Driven by geopolitics, regulation, and accelerating AI adoption, digital sovereignty has moved to the top of the executive agenda. However, improving digital independence and resilience without reducing competitiveness and efficiency is not easy. In this Viewpoint, we propose a practical, tiered approach that balances control, resilience, and competitiveness, embedding effective sovereignty management as an operational capability.
WHY DIGITAL SOVEREIGNTY NEEDS ADDRESSING NOW
Rising geopolitical tensions, tighter regulation, and rapid AI adoption are pushing digital sovereignty to the forefront of the corporate agenda (see the recent Arthur D. Little [ADL] PRISM article “Cloud Control: Rethinking Digital Dependence in the Age of AI”). As organizations become more dependent on external cloud platforms, AI models, digital infrastructure, and software ecosystems, the risk of lock-in to specific vendors, technologies, and jurisdictions increases. This challenge becomes more urgent as AI evolves from a productivity tool into a core operational layer that increasingly plans, coordinates, and optimizes enterprise workflows. Once agentic and embedded AI systems become deeply integrated into business processes, requirements such as portability, auditability, resilience, explainability, and exit capability become significantly harder and more expensive to retrofit.

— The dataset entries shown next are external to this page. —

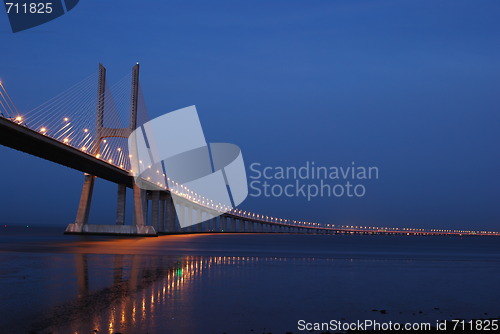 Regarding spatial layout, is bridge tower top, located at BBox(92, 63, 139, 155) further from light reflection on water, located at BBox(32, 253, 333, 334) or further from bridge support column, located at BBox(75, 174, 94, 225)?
light reflection on water, located at BBox(32, 253, 333, 334)

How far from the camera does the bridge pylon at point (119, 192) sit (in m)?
62.9

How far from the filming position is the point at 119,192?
2825 inches

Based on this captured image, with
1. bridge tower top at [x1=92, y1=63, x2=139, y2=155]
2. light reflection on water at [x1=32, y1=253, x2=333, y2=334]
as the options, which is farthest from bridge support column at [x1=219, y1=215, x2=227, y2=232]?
light reflection on water at [x1=32, y1=253, x2=333, y2=334]

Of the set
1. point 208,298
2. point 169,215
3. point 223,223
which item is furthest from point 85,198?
point 223,223

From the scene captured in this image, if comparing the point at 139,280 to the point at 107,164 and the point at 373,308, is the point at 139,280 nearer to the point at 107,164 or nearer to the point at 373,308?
the point at 373,308

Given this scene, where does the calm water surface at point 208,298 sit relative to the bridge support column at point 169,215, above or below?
below

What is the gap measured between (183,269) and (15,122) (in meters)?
20.5

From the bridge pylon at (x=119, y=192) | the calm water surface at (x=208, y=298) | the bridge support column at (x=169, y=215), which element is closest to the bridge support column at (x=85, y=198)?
the bridge pylon at (x=119, y=192)

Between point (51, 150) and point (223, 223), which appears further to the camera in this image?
point (223, 223)

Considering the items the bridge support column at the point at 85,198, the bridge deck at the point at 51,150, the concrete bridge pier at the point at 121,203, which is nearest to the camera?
the bridge deck at the point at 51,150

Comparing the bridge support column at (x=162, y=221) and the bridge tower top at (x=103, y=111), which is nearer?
the bridge tower top at (x=103, y=111)

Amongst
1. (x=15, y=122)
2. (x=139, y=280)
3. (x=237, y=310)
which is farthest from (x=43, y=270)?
(x=15, y=122)

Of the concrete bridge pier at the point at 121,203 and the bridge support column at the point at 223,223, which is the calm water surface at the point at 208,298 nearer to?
the concrete bridge pier at the point at 121,203

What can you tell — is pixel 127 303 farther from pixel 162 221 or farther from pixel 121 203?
pixel 162 221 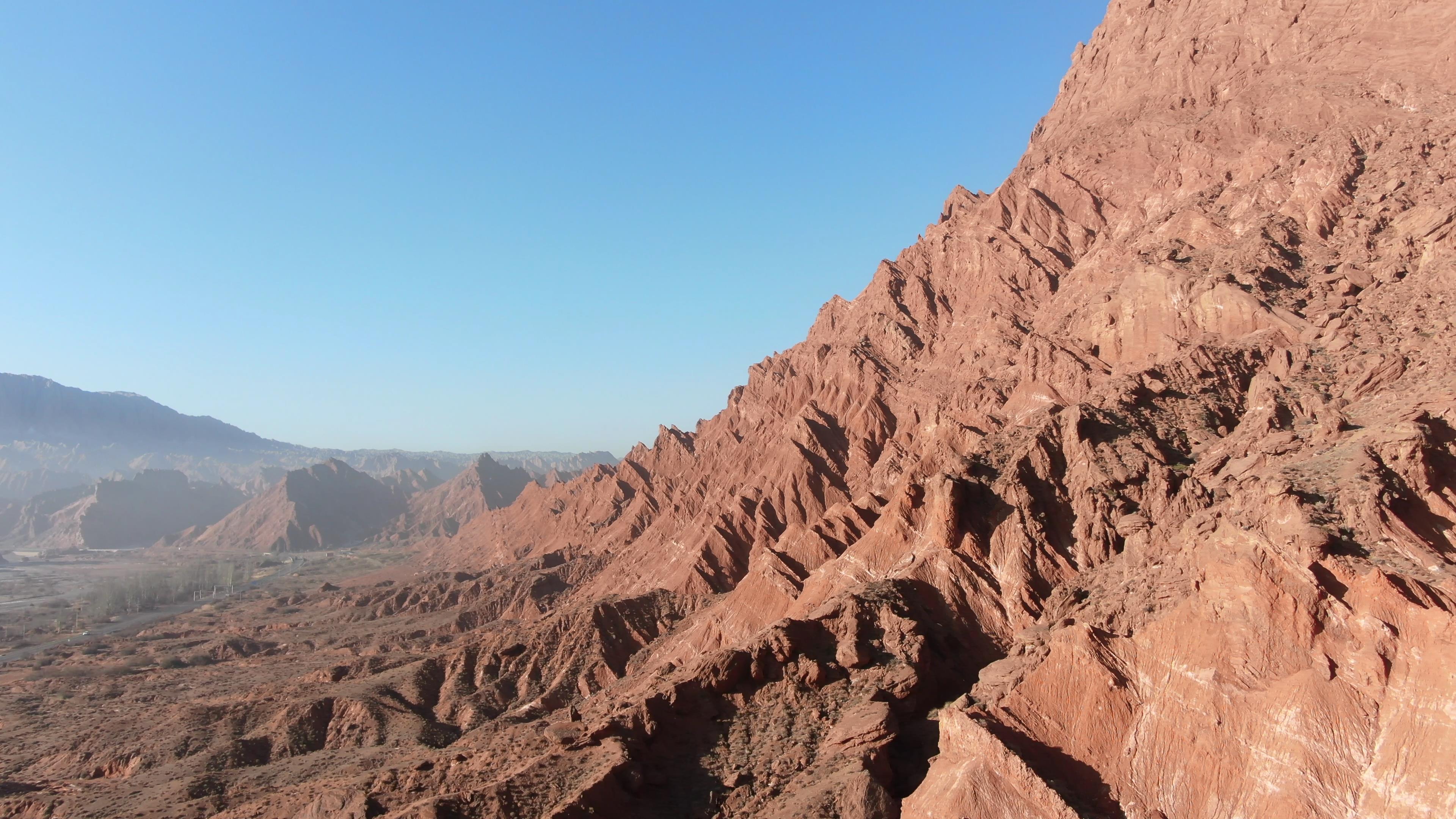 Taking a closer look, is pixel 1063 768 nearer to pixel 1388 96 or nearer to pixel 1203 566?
pixel 1203 566

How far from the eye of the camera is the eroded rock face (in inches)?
1016

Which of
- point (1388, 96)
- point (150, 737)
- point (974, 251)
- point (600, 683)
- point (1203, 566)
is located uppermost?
point (1388, 96)

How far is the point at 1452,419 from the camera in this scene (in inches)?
1246

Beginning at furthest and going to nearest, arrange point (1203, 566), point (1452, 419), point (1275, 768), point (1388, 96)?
1. point (1388, 96)
2. point (1452, 419)
3. point (1203, 566)
4. point (1275, 768)

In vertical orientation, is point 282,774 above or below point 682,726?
below

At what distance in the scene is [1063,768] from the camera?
88.8 feet

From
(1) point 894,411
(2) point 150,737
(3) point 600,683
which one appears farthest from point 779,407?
(2) point 150,737

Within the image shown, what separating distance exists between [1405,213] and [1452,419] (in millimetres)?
30708

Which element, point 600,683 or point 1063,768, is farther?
point 600,683

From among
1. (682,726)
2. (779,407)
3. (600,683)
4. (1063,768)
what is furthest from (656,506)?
(1063,768)

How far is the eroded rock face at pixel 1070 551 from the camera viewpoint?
25.8m

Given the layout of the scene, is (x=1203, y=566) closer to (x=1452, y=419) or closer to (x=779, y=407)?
(x=1452, y=419)

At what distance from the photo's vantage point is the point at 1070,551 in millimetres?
41188

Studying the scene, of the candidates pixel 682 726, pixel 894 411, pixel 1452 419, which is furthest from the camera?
pixel 894 411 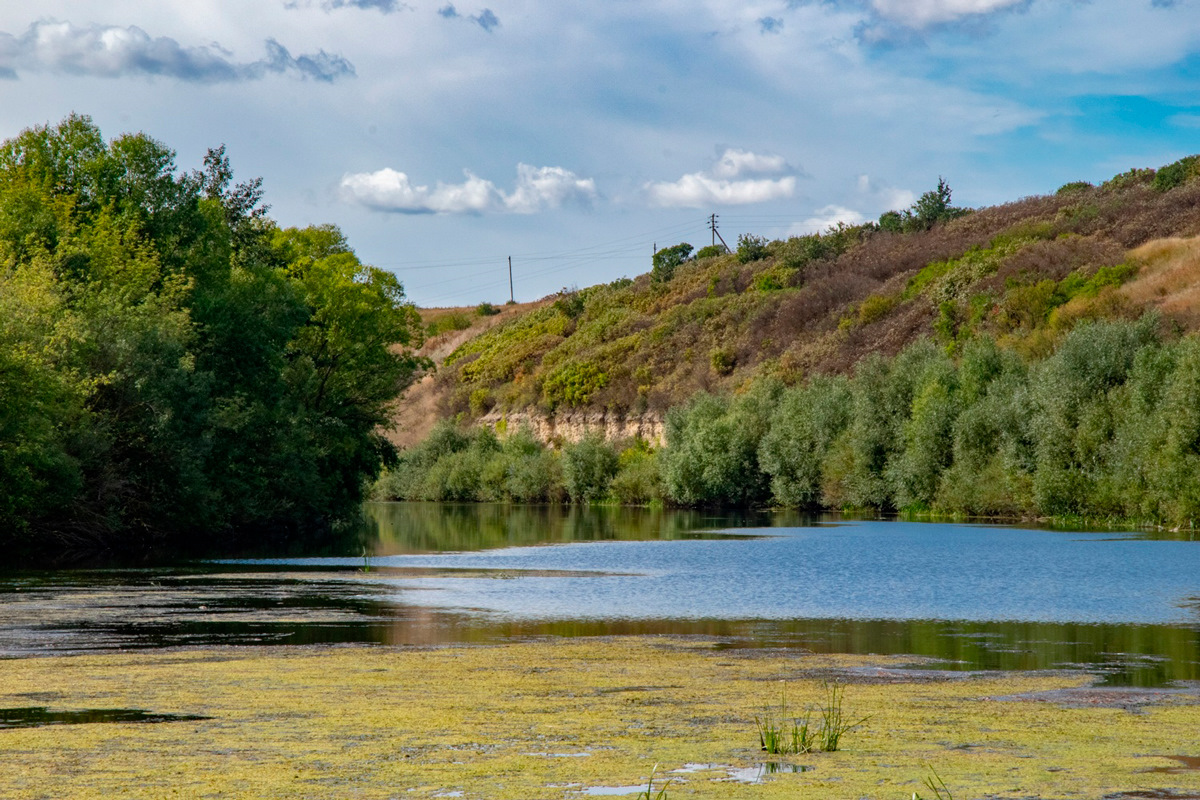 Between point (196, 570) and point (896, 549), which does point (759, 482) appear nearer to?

At the same time, geopolitical fragmentation and regulation are accelerating sovereignty concerns. In Europe, proposed cybersecurity legislation could restrict “high-risk” suppliers from critical infrastructure sectors, potentially forcing operators to redesign systems and replace technologies across industries such as telecoms, cloud services, and energy. Similar pressures are emerging globally as governments place greater emphasis on national security, strategic autonomy, and data governance. Organizations, therefore, must define governance standards, guardrails, and exit options now, before AI industrialization embeds long-term dependencies into critical operations.
Digital sovereignty, however, goes far beyond cloud-location or sourcing decisions. It requires building long-term resilience and maintaining control over critical digital assets and operational processes in an environment where regulations, sanctions, supplier behavior, and geopolitical conditions are constantly shifting. Many organizations underestimate their “sovereignty debt” — hidden dependencies on vendors, jurisdictions, and subcontractors that are difficult to unwind.
These vulnerabilities often become visible only during crises, leading to downtime, rushed migrations, increased costs, operational disruption, and reduced strategic flexibility.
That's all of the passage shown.